Saturday, April 6, 2013

John Nash's Game Theroy


GAME THEORY

Before Nash, economists studied the market using sophisticated versions of Adam Smith's price theory -basic supply and demand. Smith said as "buyers and sellers pursue their self-interest, the "invisible hand" of the market distributes products efficiently".

But price theory can't explain the abundant real-world examples of market inefficiency. Nash approached this problem by reformulating economics as a game.
To most people, a game is a way to while away a rainy afternoon. But to mathematicians, a game is not just chess or poker but any conflict situation that forces participants to develop a strategy to accomplish a goal. 
To mathematicians, a game is a regimented world where math is king. And a game can be a window to mathematical insight. When I was a student, Princeton math professors collected every afternoon in the third-floor lounge for tea and a round of backgammon.

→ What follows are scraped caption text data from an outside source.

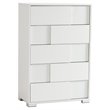 Pemberly Row 5-Drawer Modern Chest in White Gloss with Metal Legs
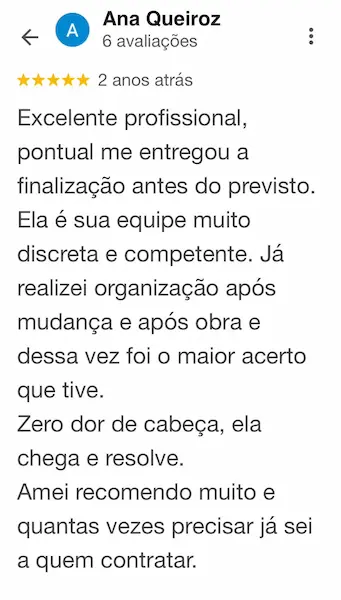 Avaliação Google Cliente 8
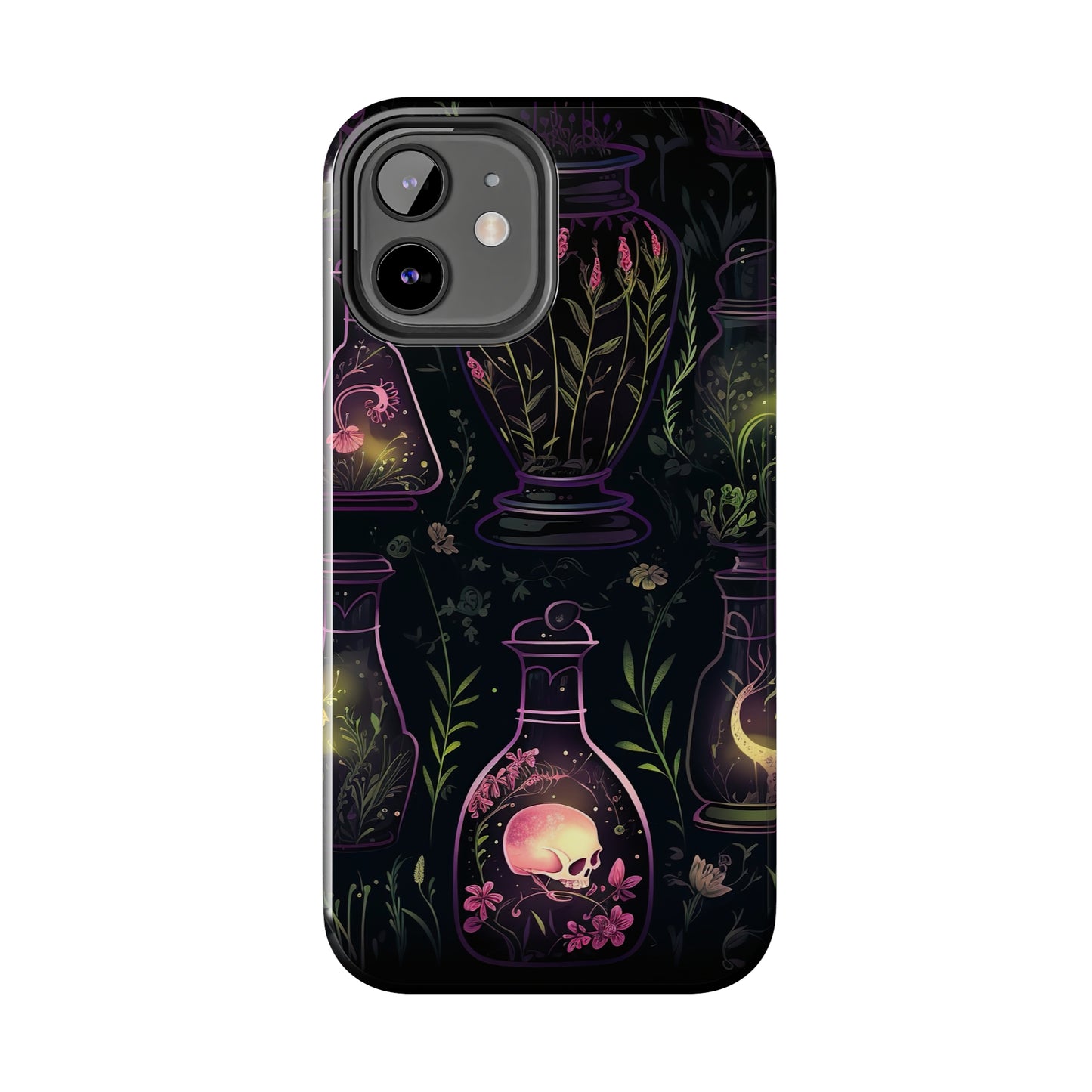 Dark Forest Skull Tough iPhone Cases | Spooky and Eerie Tincture / Potion Design | Durable and Protective Phone Case | Impact-Resistant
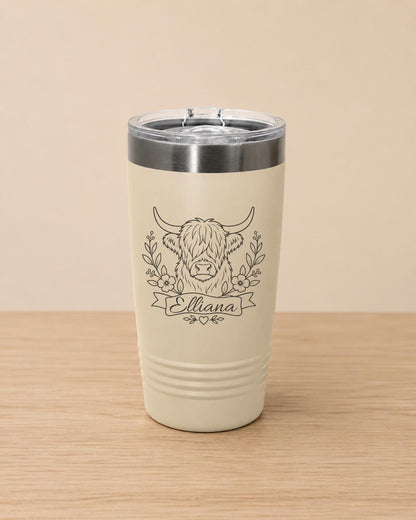 Personalized Highland Cow Tumbler | Floral Stainless Steel Travel Mug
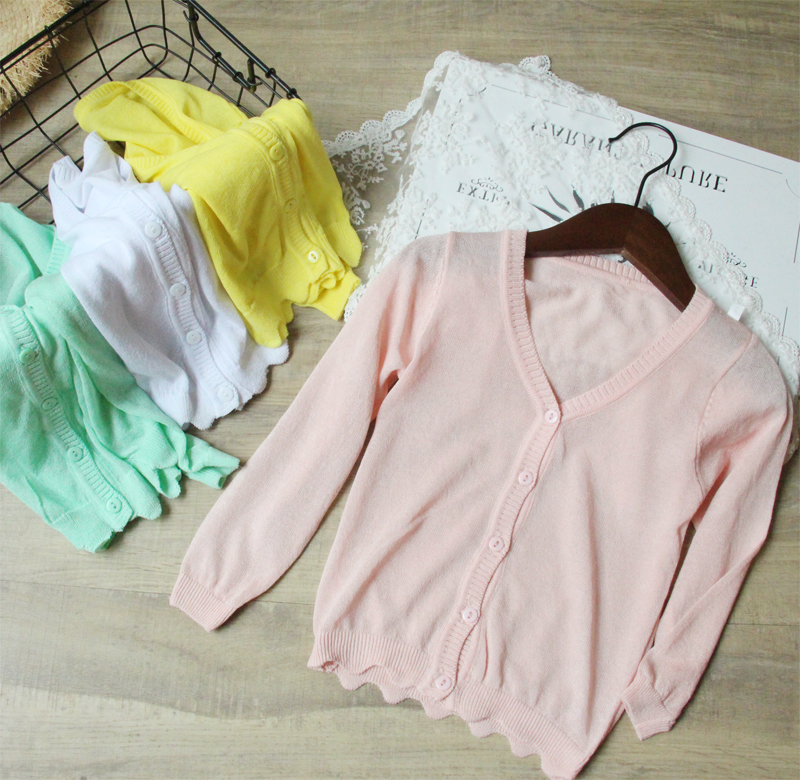 girl Ice Cotton Wavy edge Sunscreen Female baby Sunscreen Light and thin knitting air conditioner children Cardiganin the Children/Baby/Family fitted , Sweaters/Knitwear category - from Buy2taobao.com to provide professional Taobao agent buy service
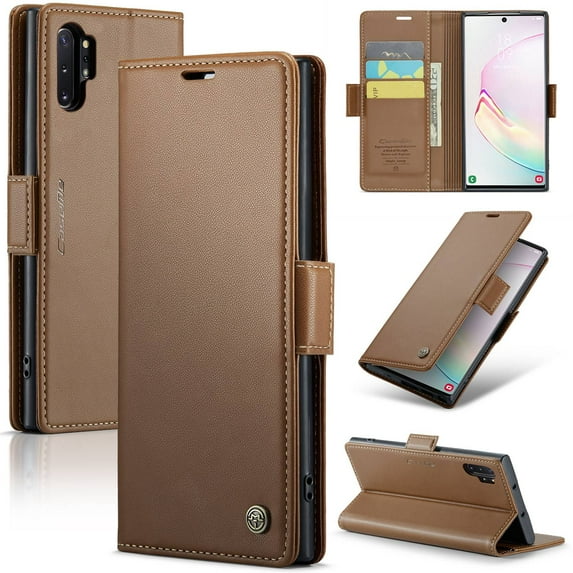 ETFAST Leather Phone Case Wallet With Card Holder Zipper For Samsung Galaxy Note10 Plus High Quality Leather Phone Case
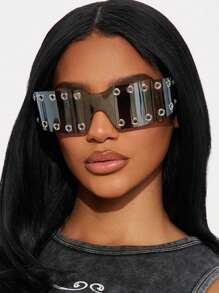 1pc Frameless One-Piece Fashion Glasses, Personalized And Cyberpunk Y2K Fashion Glasses Suitable For Daily Wear, Street Photography, Vacation, Travel, Party Glasses, School Look Dance Decoration, Preppy Men's And Women's Fashion Glasses Back To School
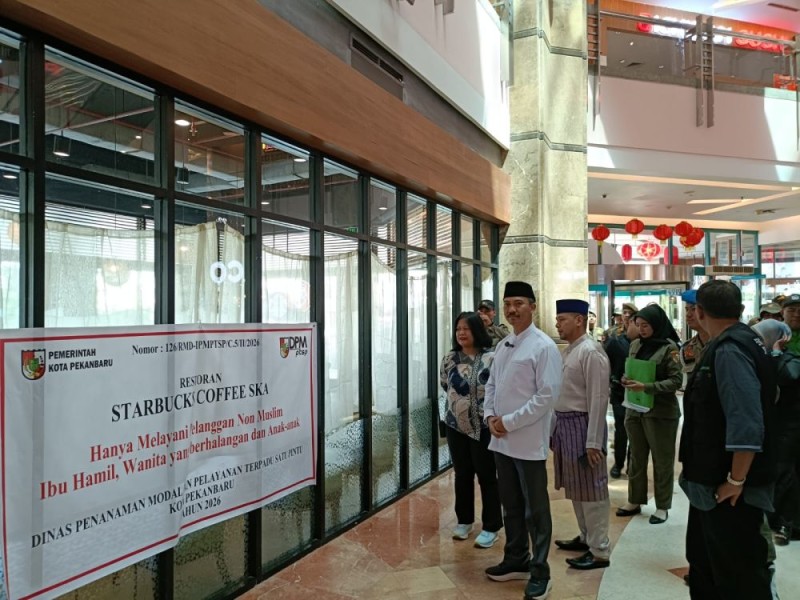 Satpol PP Pekanbaru Sisir Restoran di Mall SKA dan Living World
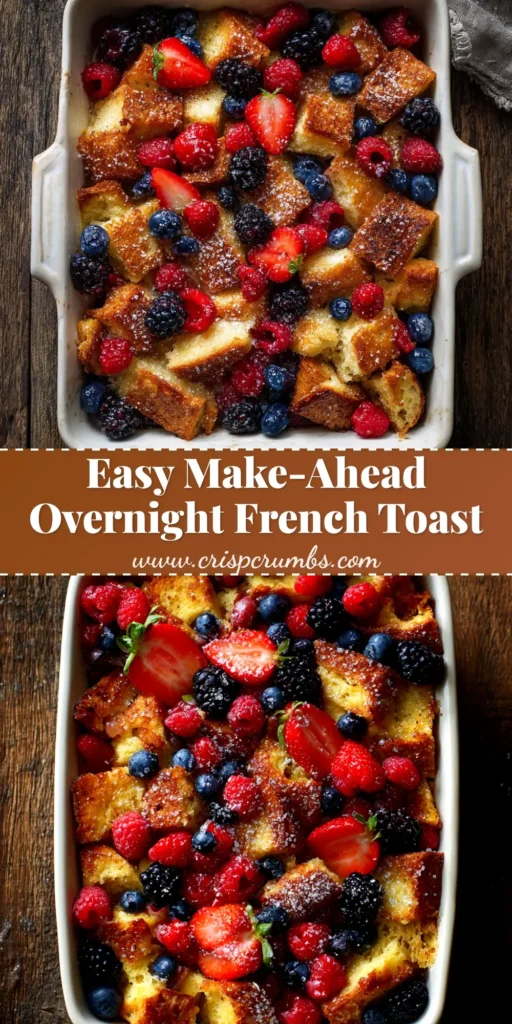 A close-up shot of a slice of overnight french toast casserole on a white plate, topped with powdered sugar and fresh berries. The casserole has a golden-brown, crispy top and a visible custardy texture.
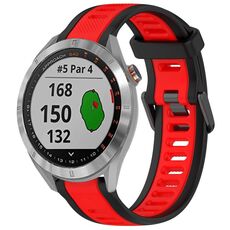 Per cinturino in silicone strutturato bicolore Garmin Approach S40 da 20 mm (rosso + nero)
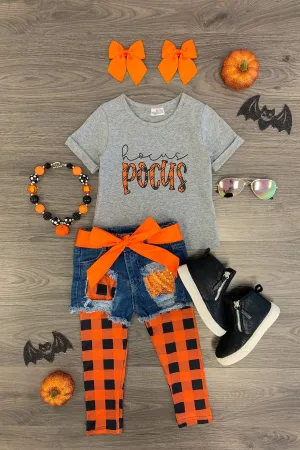 "Hocus Pocus" Legging & Denim Short Set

Professor Conway told us that he stumbled upon the discovery of a lifetime while studying Go, an ancient board game played with smooth stones. Nash's central insight, the one for which he won a Nobel Prize in 1994, was to prove that every economic game has an equilibrium point — that is, an approach to play in which no player would choose to change his strategy. If a player were to try to change his Nash equilibrium strategy, he would end up worse off than before.